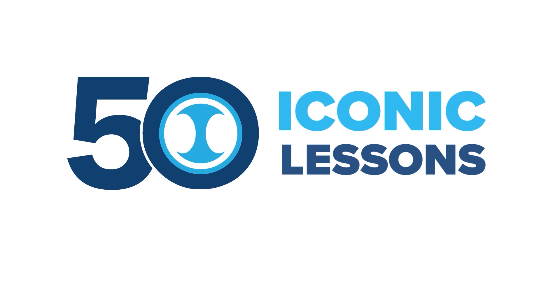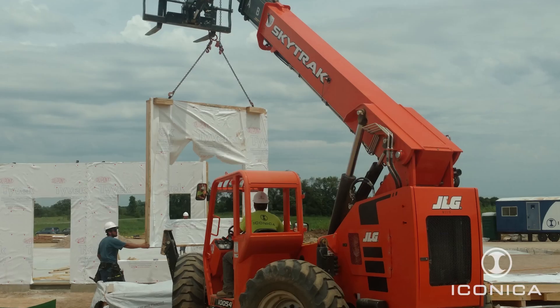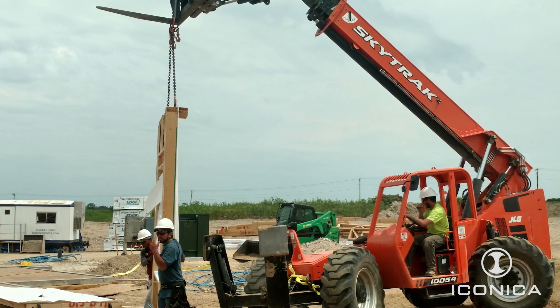There are several things that we've had to do to adapt to the industry changes. Back when I was framing, we would take a whole floor and build it all the way across. That's more of what I would call the horizontal framing.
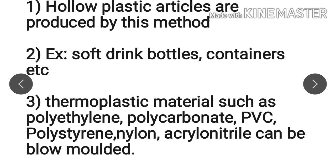The polymers used in blow molding are polyethylene, polycarbonate, polyvinyl chloride, polystyrene, nylon, and acrylonitrile. These are all thermoplastic polymers and they can be used to prepare hollow articles using the blow molding method.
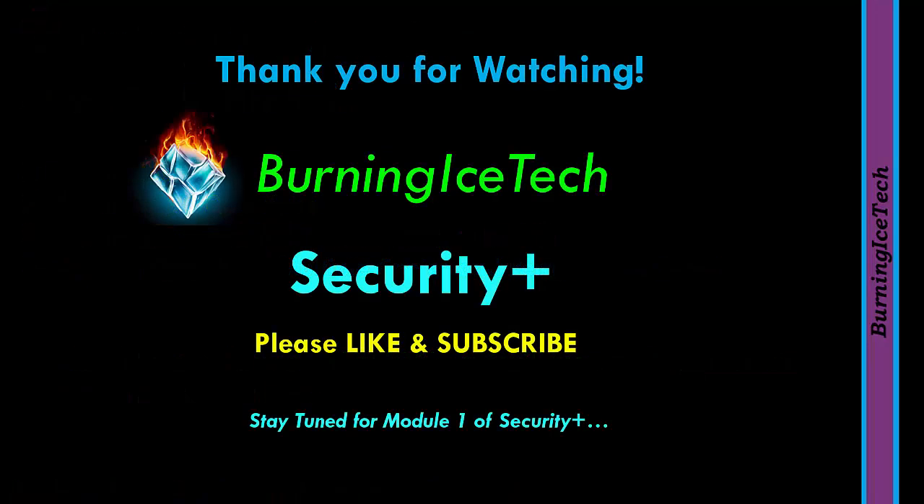Alright folks, that's it for the course introduction. I will see you guys in the first module of Security Plus — keep an eye out for that.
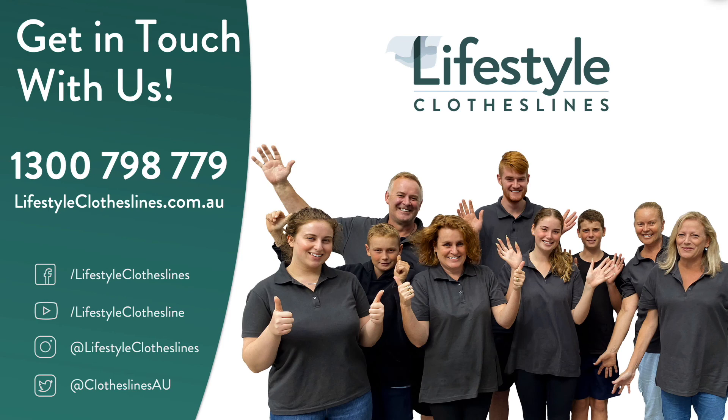If you have any questions at all on the Eco 120 clothesline, please feel free to call us at any time on 1300 798 779, or visit online at lifestyleclotheslines.com.au.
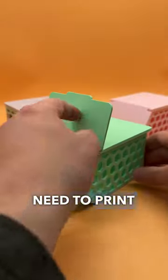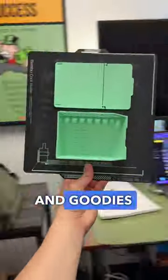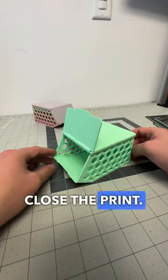3D printable finds that you need to print, part 6. This 3D printable storage bin is an awesome way to organize and store all your essentials and goodies inside. This print comes in two pieces and features a lock-and-place hinge so you can open and close the print.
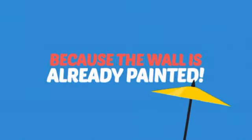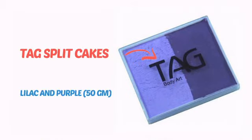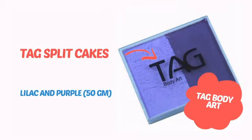Why paint the face? Because the wall is already painted! It's time to make some tiny faces happy with this face paint from TAG Body Art.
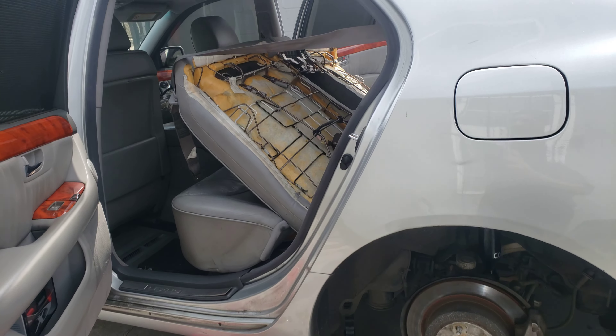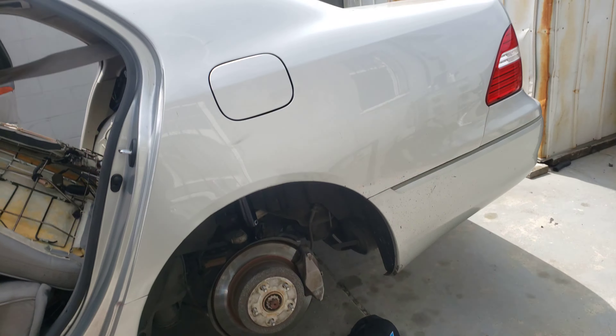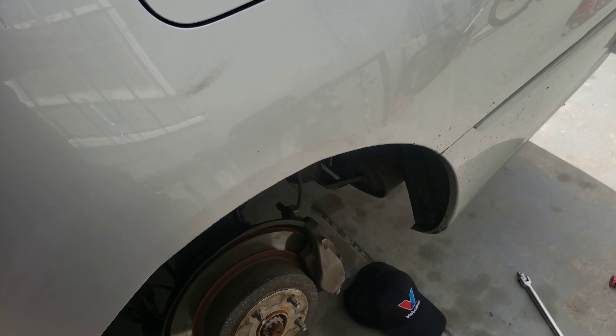All right, so I showed you the first half of the rear coilover install about the back seat. This is the second part of it — real simple, it's really easy actually.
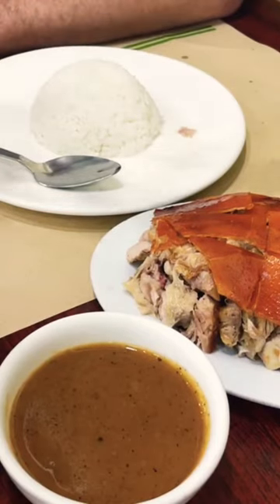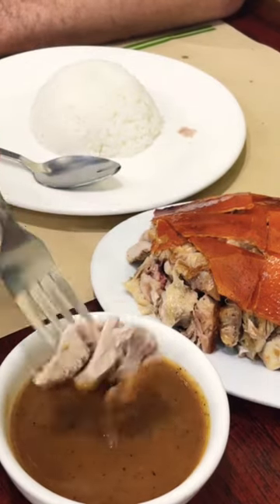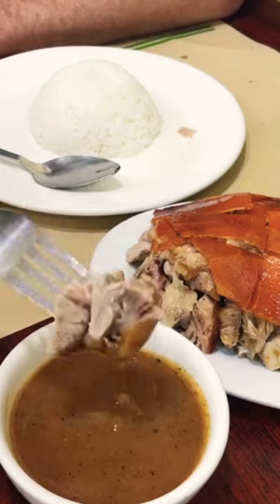I've never had this Mang Camas sauce before, so I'm going to try that now. This is how they do it here, as opposed to typically vinegar and soy sauce and calamansi and some chilies. Let's see. Thank you.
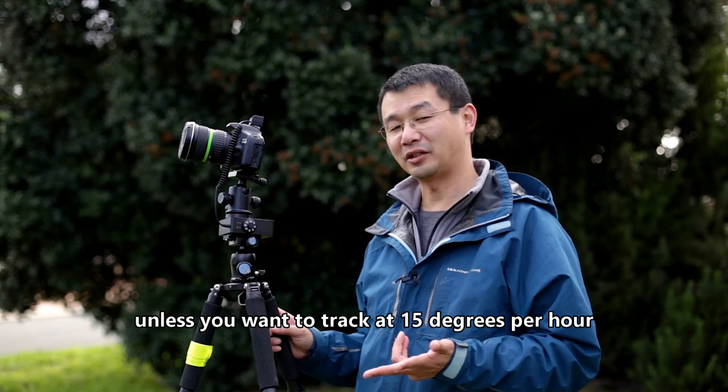Currently, it works with Canon, Nikon, and Sony cameras. It doesn't work with Olympus, Panasonic, and also devices like GoPros and so on.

- - - - - - -

## TASK DETAILS
Print the data word for word and omit the pictures.

## TASK SOLUTION
There are several things that we've had to do to adapt to the industry changes. Back when I was framing, we would take a whole floor and build it all the way across. That's more of what I would call the horizontal framing.
The polymers used in blow molding are polyethylene, polycarbonate, polyvinyl chloride, polystyrene, nylon, and acrylonitrile. These are all thermoplastic polymers and they can be used to prepare hollow articles using the blow molding method.
Alright folks, that's it for the course introduction. I will see you guys in the first module of Security Plus — keep an eye out for that.
If you have any questions at all on the Eco 120 clothesline, please feel free to call us at any time on 1300 798 779, or visit online at lifestyleclotheslines.com.au.
3D printable finds that you need to print, part 6. This 3D printable storage bin is an awesome way to organize and store all your essentials and goodies inside. This print comes in two pieces and features a lock-and-place hinge so you can open and close the print.
Why paint the face? Because the wall is already painted! It's time to make some tiny faces happy with this face paint from TAG Body Art.
All right, so I showed you the first half of the rear coilover install about the back seat. This is the second part of it — real simple, it's really easy actually.
I've never had this Mang Camas sauce before, so I'm going to try that now. This is how they do it here, as opposed to typically vinegar and soy sauce and calamansi and some chilies. Let's see. Thank you.
Currently, it works with Canon, Nikon, and Sony cameras. It doesn't work with Olympus, Panasonic, and also devices like GoPros and so on.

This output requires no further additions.